## WHAT THIS TASK INVOLVES
Retype the following data exactly, but leave its pictures out.

## SUPPLIED INFORMATION
::::

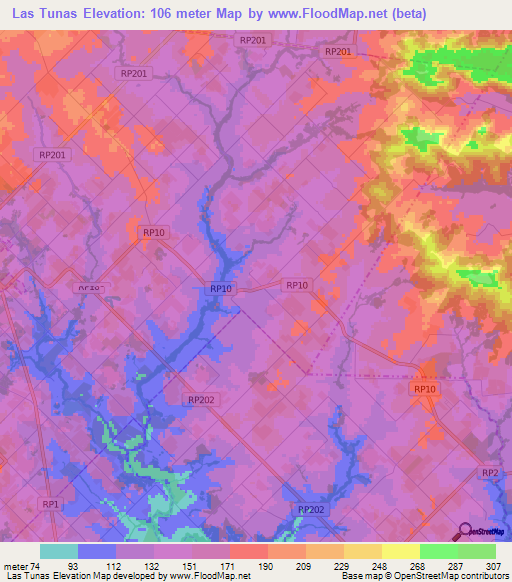 Las Tunas,Argentina Elevation Map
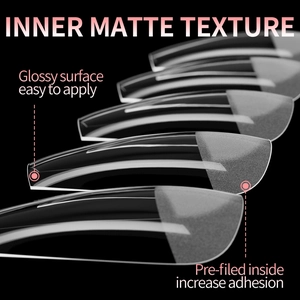 Détail macro de capsules ongles trapèze avec texture mate interne pour une meilleure adhérence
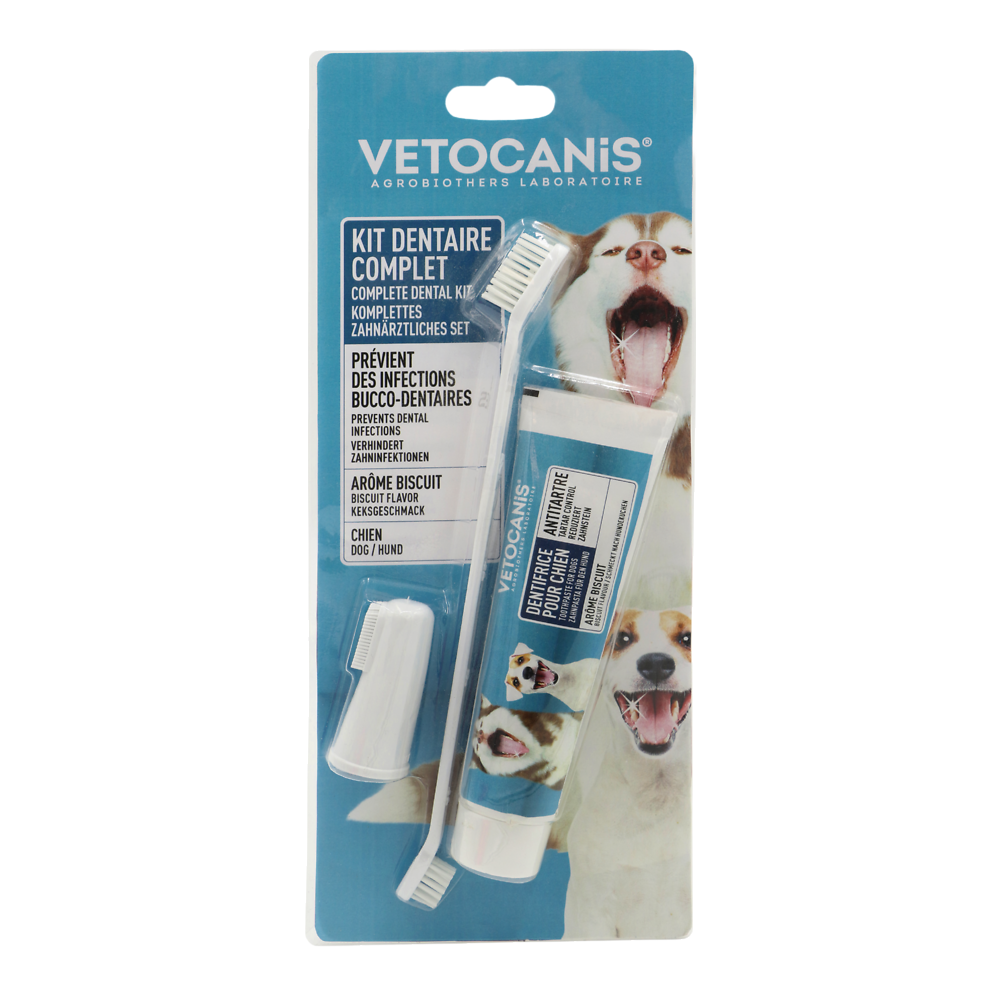 Kit hygiène dentaire chien, VETOCANIS, 202g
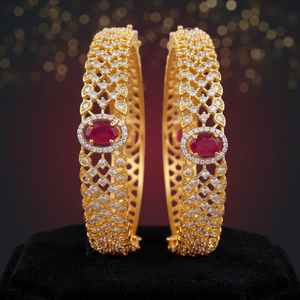 18K Gold Plated Brass Cubic Zirconia Oval <b>Ruby</b> Bangle Set Luxurious Bridal CZ Cutwork Openable Hand Cuffs For Women - Product Image 1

::::

## TASK RESULT
 Las Tunas,Argentina Elevation Map
 Détail macro de capsules ongles trapèze avec texture mate interne pour une meilleure adhérence
 Kit hygiène dentaire chien, VETOCANIS, 202g
 18K Gold Plated Brass Cubic Zirconia Oval <b>Ruby</b> Bangle Set Luxurious Bridal CZ Cutwork Openable Hand Cuffs For Women - Product Image 1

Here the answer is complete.